WHAT IS BEING ASKED =
Return all of the data that follows precisely, leaving every image out.

EXERCISE DATA =
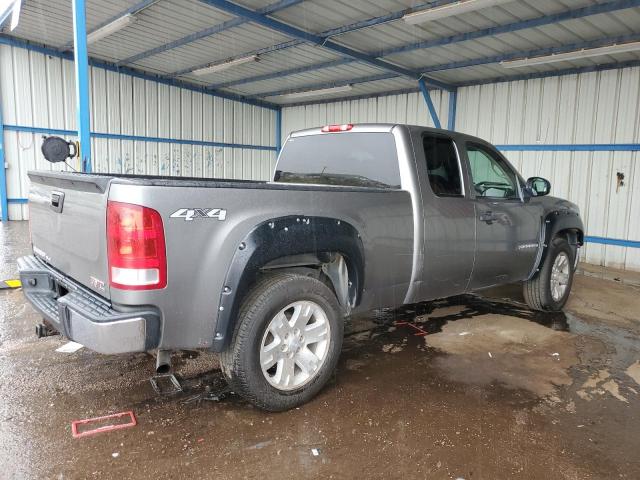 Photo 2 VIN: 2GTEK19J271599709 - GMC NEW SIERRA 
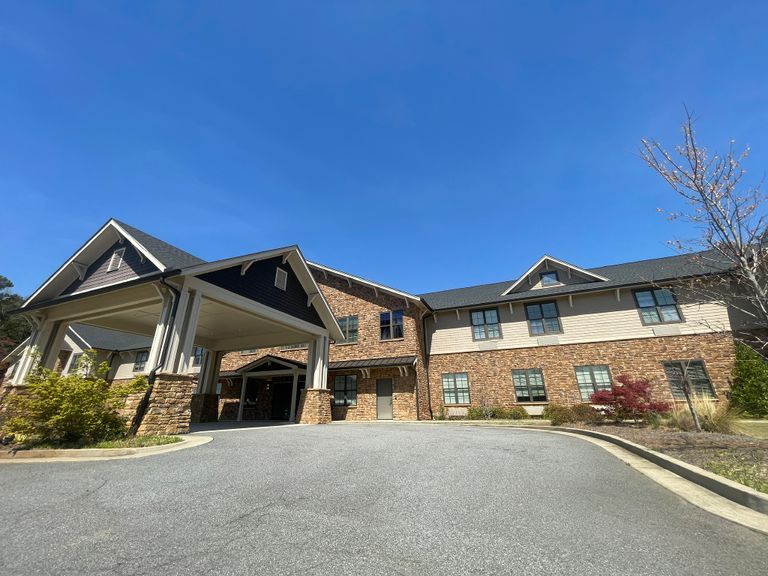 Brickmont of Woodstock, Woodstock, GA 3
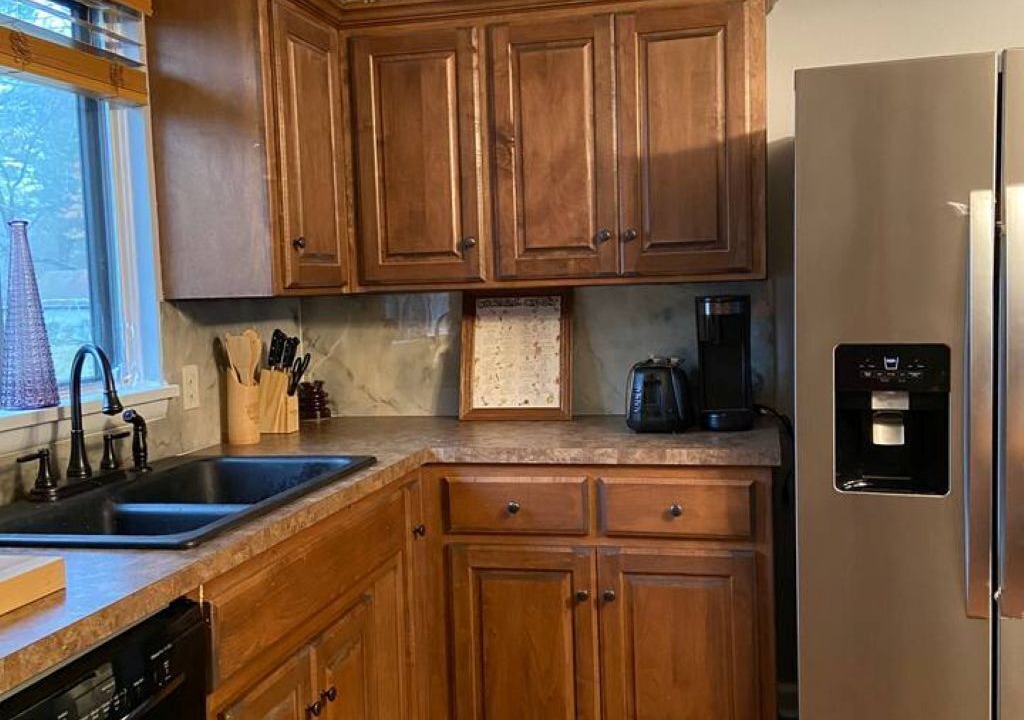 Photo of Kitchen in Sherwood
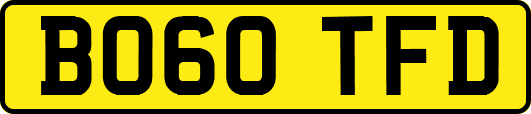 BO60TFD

TASK RESPONSE =
 Photo 2 VIN: 2GTEK19J271599709 - GMC NEW SIERRA 
 Brickmont of Woodstock, Woodstock, GA 3
 Photo of Kitchen in Sherwood
 BO60TFD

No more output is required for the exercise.